#### RECORD EXTRACTS ####

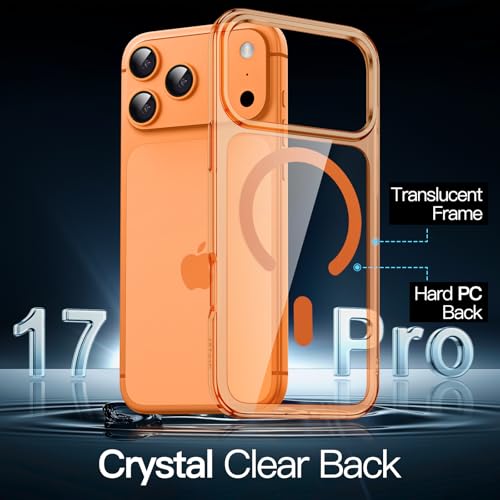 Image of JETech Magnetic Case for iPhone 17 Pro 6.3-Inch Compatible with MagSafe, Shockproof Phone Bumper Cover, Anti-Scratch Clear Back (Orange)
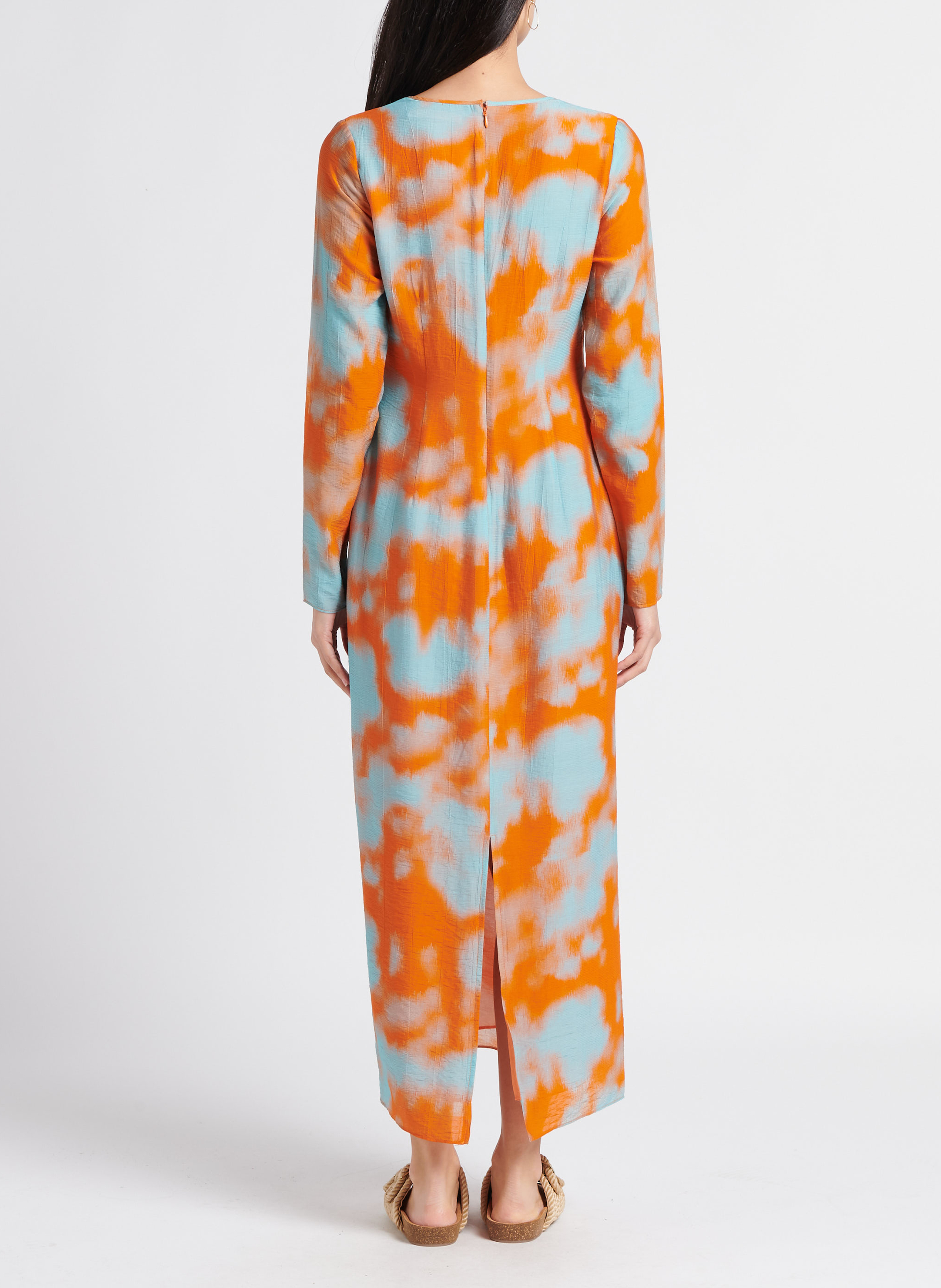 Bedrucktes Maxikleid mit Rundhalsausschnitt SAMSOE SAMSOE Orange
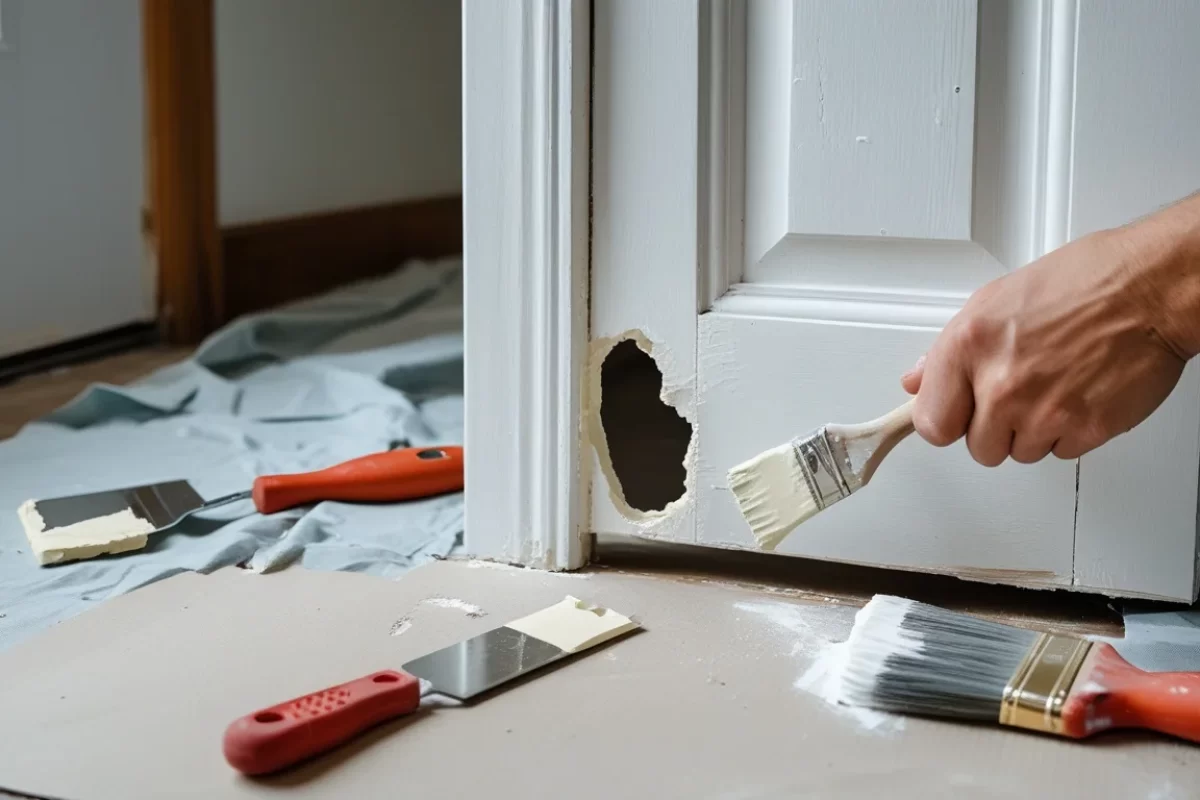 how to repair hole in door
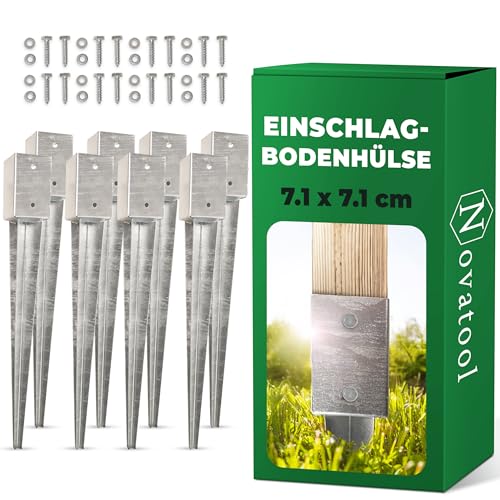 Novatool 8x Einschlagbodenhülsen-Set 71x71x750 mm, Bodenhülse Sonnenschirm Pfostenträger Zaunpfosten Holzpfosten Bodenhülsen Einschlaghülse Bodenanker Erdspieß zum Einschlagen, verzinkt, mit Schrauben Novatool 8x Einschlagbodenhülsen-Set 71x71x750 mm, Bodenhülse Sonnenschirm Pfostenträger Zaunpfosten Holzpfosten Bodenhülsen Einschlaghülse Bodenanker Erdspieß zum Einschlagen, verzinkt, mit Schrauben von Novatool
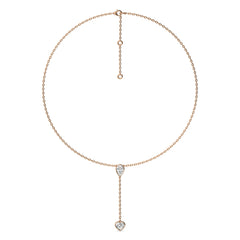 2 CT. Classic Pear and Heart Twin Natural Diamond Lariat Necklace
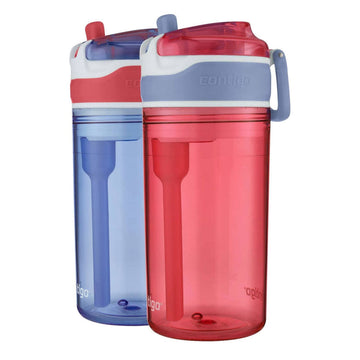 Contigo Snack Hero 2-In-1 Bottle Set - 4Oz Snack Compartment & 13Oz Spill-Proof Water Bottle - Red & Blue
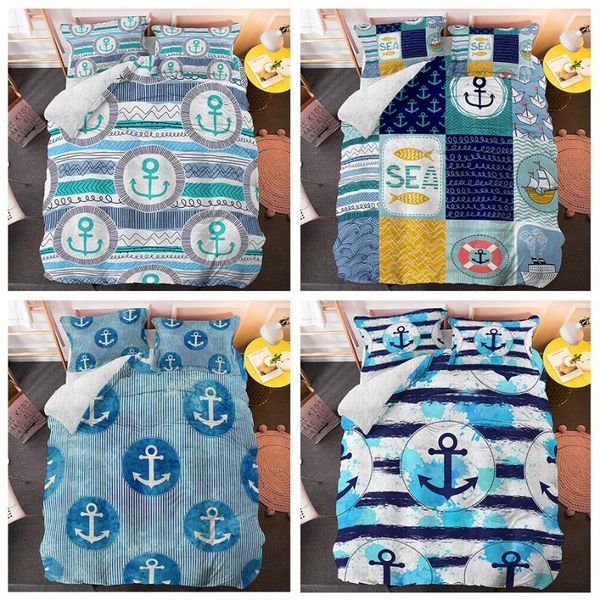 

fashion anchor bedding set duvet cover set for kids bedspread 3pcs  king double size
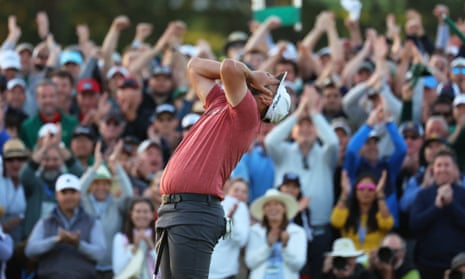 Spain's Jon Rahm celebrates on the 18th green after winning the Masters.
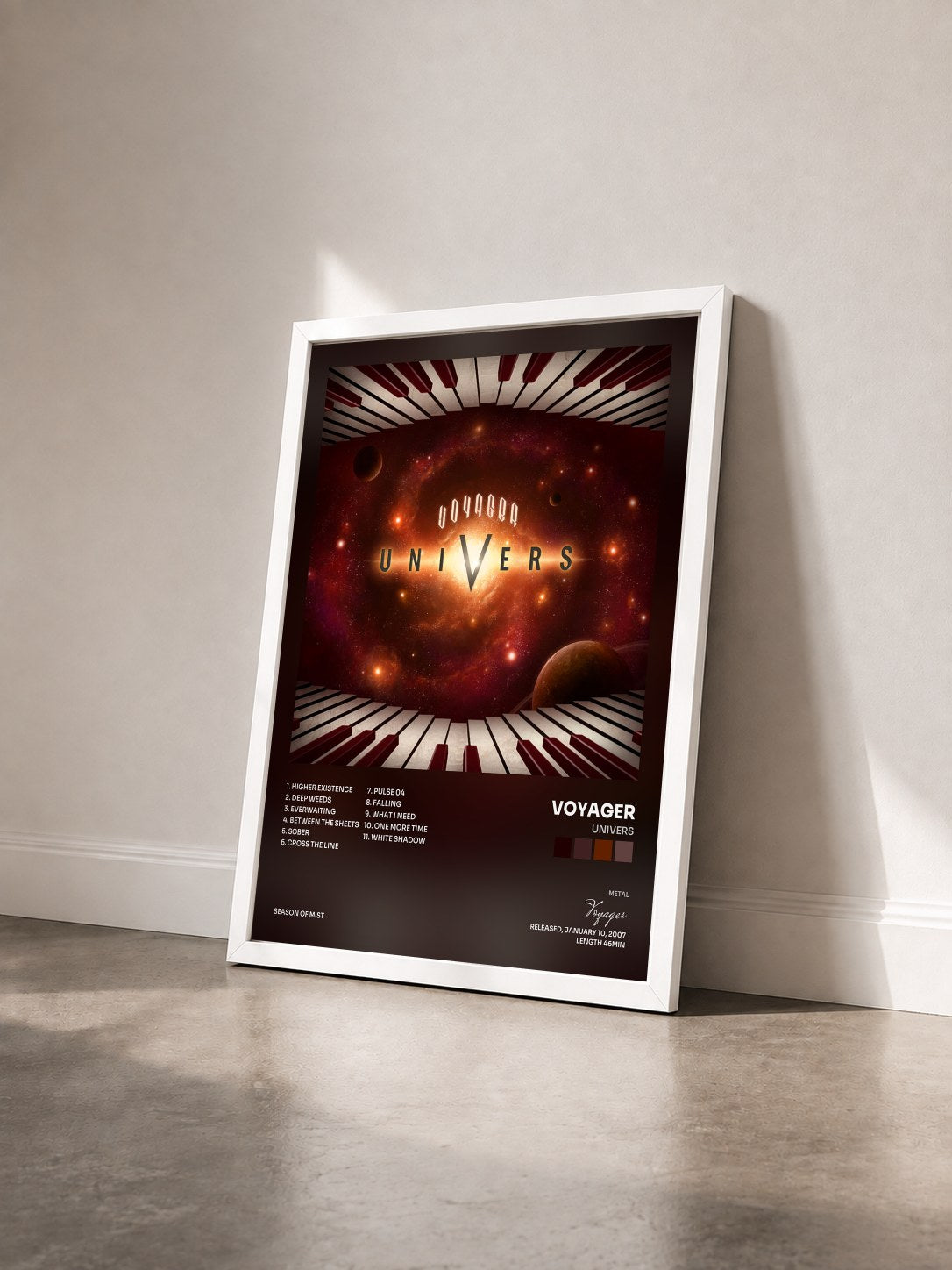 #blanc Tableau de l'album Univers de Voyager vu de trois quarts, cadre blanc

####

WHAT THE TASK REQUIRES:
Your answer must be an exact copy of the records above, with no pictures included.

ANSWER SPACE:
 Image of JETech Magnetic Case for iPhone 17 Pro 6.3-Inch Compatible with MagSafe, Shockproof Phone Bumper Cover, Anti-Scratch Clear Back (Orange)
 Bedrucktes Maxikleid mit Rundhalsausschnitt SAMSOE SAMSOE Orange
 how to repair hole in door
 Novatool 8x Einschlagbodenhülsen-Set 71x71x750 mm, Bodenhülse Sonnenschirm Pfostenträger Zaunpfosten Holzpfosten Bodenhülsen Einschlaghülse Bodenanker Erdspieß zum Einschlagen, verzinkt, mit Schrauben Novatool 8x Einschlagbodenhülsen-Set 71x71x750 mm, Bodenhülse Sonnenschirm Pfostenträger Zaunpfosten Holzpfosten Bodenhülsen Einschlaghülse Bodenanker Erdspieß zum Einschlagen, verzinkt, mit Schrauben von Novatool
 2 CT. Classic Pear and Heart Twin Natural Diamond Lariat Necklace
 Contigo Snack Hero 2-In-1 Bottle Set - 4Oz Snack Compartment & 13Oz Spill-Proof Water Bottle - Red & Blue

fashion anchor bedding set duvet cover set for kids bedspread 3pcs  king double size
 Spain's Jon Rahm celebrates on the 18th green after winning the Masters.
 #blanc Tableau de l'album Univers de Voyager vu de trois quarts, cadre blanc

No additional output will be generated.